Античность не знала счастья как эмоционального состояния. Эвдемония Аристотеля — это не про радость, а про реализованность человеческой природы, про жизнь, выстроенную согласно добродетели. Причём судить о ней можно было лишь post factum: Солон советовал не называть никого счастливым до его последнего дня. Христианство пошло ещё дальше, вынеся подлинное блаженство за пределы земного существования. Здесь, в дольнем мире, — скорбь, испытание, искупление; счастье же — эсхатологическая перспектива, дар благодати, а не проект человеческой воли.
Перелом случился в эпоху Просвещения. Утилитаризм Бентама превратил счастье в исчисляемую величину, а американская Декларация независимости зафиксировала «стремление к счастью» как неотчуждаемое право. Однако между правом и обязанностью есть зазор, и со временем он почти исчез. Классический либерализм гарантировал свободу искать, но не требовал найти. Поздний модерн незаметно подменил понятия: теперь ты не просто можешь быть счастлив, ты должен им быть. Если не получилось — пеняй на себя: плохо распорядился собственной свободой.

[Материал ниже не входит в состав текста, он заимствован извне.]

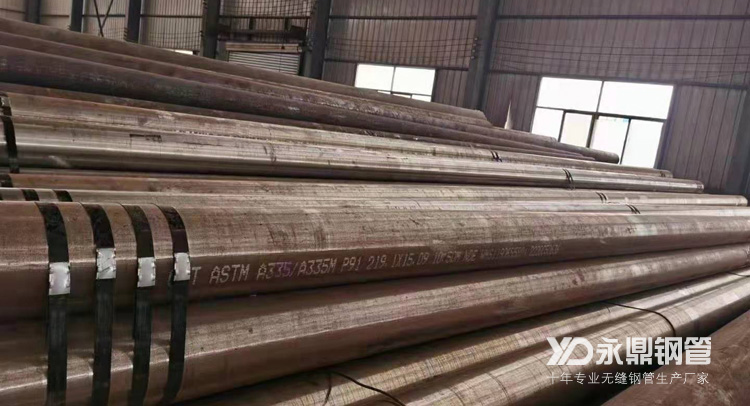 无缝草莓视频在线入口对于各领域企业来说能够带来哪些使用体验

Эту мутацию тонко диагностирует корейско-немецкий философ Бён-Чхоль Хан. Он описывает переход от дисциплинарного общества к «обществу достижений». Фрейдовский невротик прошлого страдал от избытка запретов, от гнёта внешней инстанции. Сегодняшний депрессивный субъект страдает от противоположного — от избытка позитивности и мнимой свободы. Императив «Ты должен» уступил место императиву «Ты можешь». А поскольку ты можешь всё, любое твоё несчастье — исключительно твоя вина. Надзиратель больше не стоит снаружи, он поселился внутри.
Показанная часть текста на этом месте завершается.